EXCERPTED DATA =>
__________

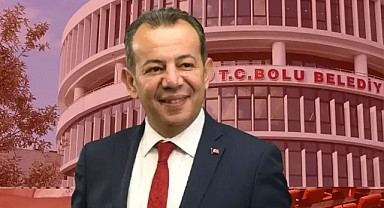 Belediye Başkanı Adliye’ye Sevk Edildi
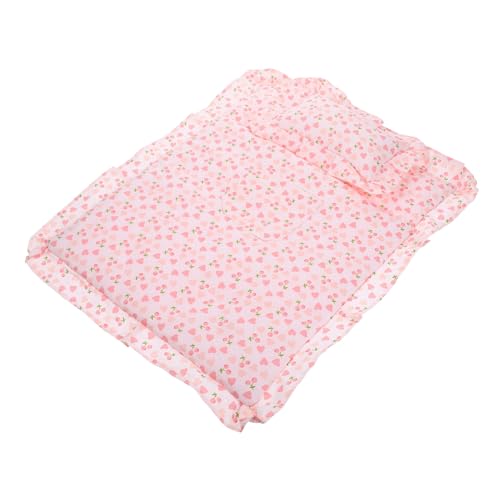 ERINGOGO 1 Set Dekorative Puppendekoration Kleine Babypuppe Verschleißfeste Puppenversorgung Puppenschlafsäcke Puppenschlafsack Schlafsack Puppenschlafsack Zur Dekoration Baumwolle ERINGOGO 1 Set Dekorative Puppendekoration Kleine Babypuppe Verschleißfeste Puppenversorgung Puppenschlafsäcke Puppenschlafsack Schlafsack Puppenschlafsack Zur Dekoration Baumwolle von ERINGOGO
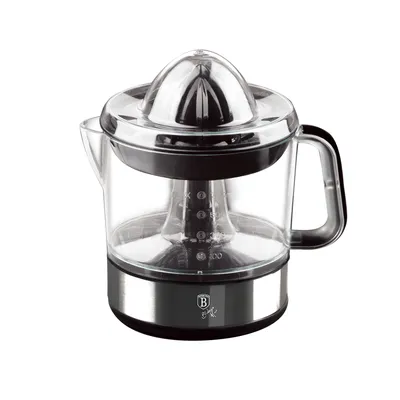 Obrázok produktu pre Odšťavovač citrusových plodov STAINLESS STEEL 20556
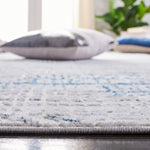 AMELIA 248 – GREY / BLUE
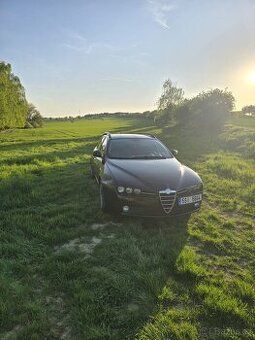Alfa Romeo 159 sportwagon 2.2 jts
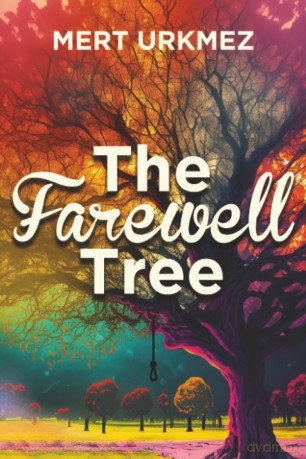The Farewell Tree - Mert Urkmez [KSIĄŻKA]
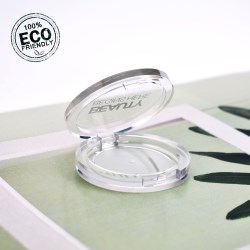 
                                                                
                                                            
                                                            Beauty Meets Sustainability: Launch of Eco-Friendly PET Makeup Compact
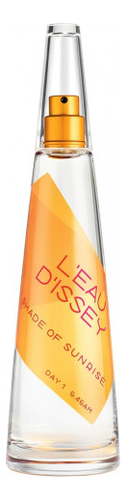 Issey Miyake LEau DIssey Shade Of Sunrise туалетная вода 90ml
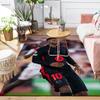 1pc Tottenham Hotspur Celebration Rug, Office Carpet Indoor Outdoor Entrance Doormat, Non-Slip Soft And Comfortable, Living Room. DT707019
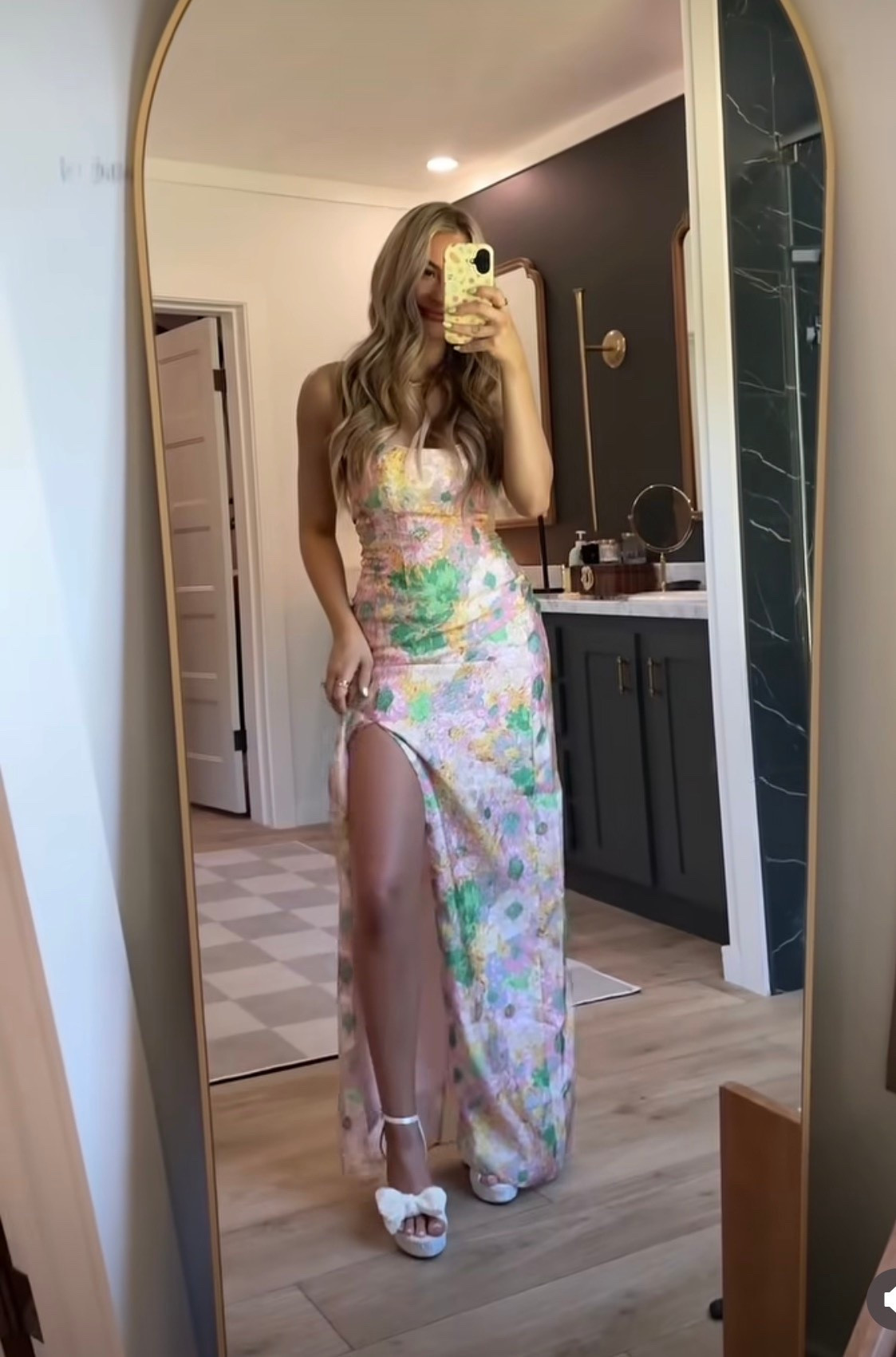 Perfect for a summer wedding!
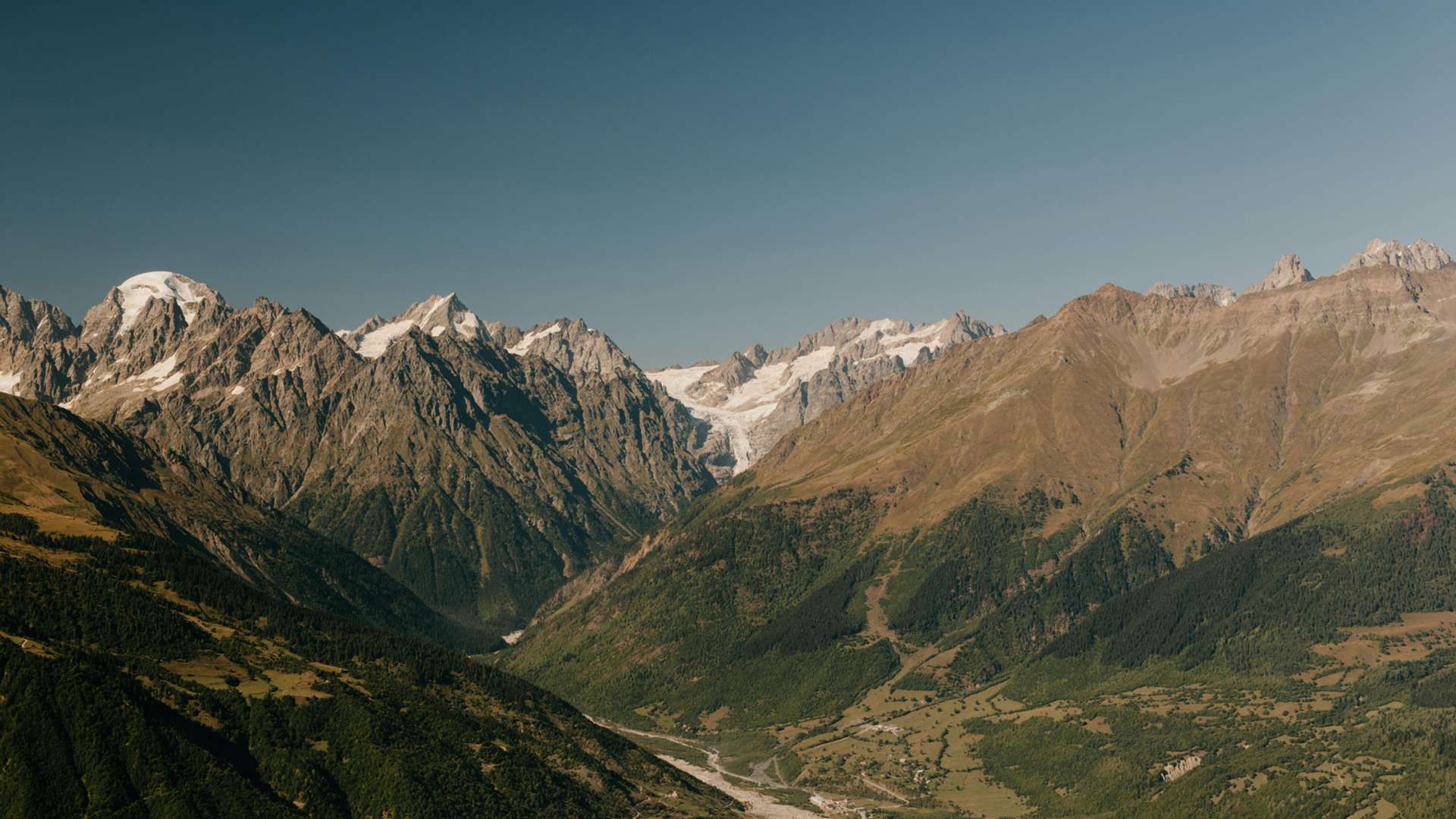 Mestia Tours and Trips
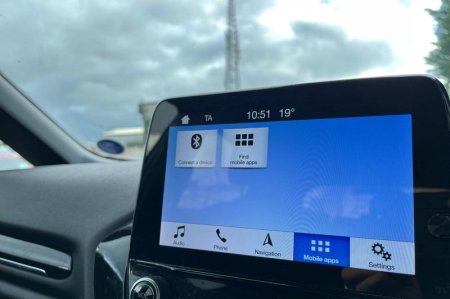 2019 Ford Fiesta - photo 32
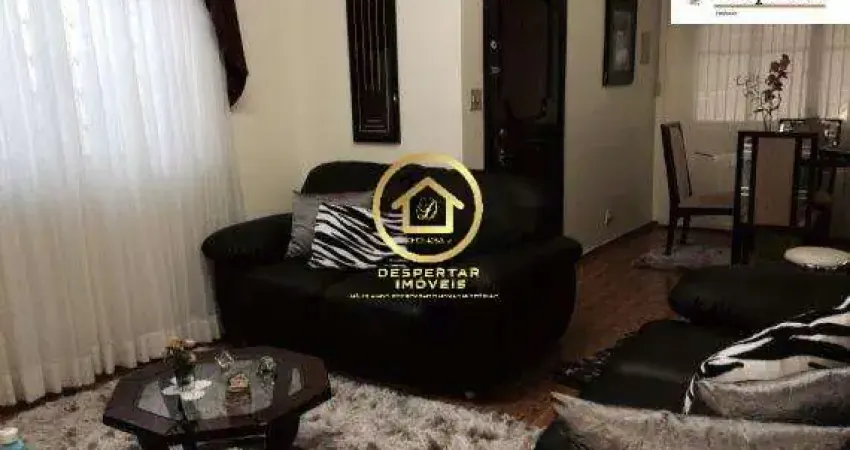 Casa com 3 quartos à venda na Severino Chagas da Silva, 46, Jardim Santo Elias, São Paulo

__________

TASK PROMPT => Return exactly the lines above, from the one with "AMELIA 248 – GREY / BLUE" up to and including the one with "2019 Ford Fiesta - photo 32", and include no pictures.

THE COMPLETED TASK =>
 AMELIA 248 – GREY / BLUE
Alfa Romeo 159 sportwagon 2.2 jts
The Farewell Tree - Mert Urkmez [KSIĄŻKA]
                                                                
                                                            
                                                            Beauty Meets Sustainability: Launch of Eco-Friendly PET Makeup Compact
 Issey Miyake LEau DIssey Shade Of Sunrise туалетная вода 90ml
 1pc Tottenham Hotspur Celebration Rug, Office Carpet Indoor Outdoor Entrance Doormat, Non-Slip Soft And Comfortable, Living Room. DT707019
 Perfect for a summer wedding!
 Mestia Tours and Trips
 2019 Ford Fiesta - photo 32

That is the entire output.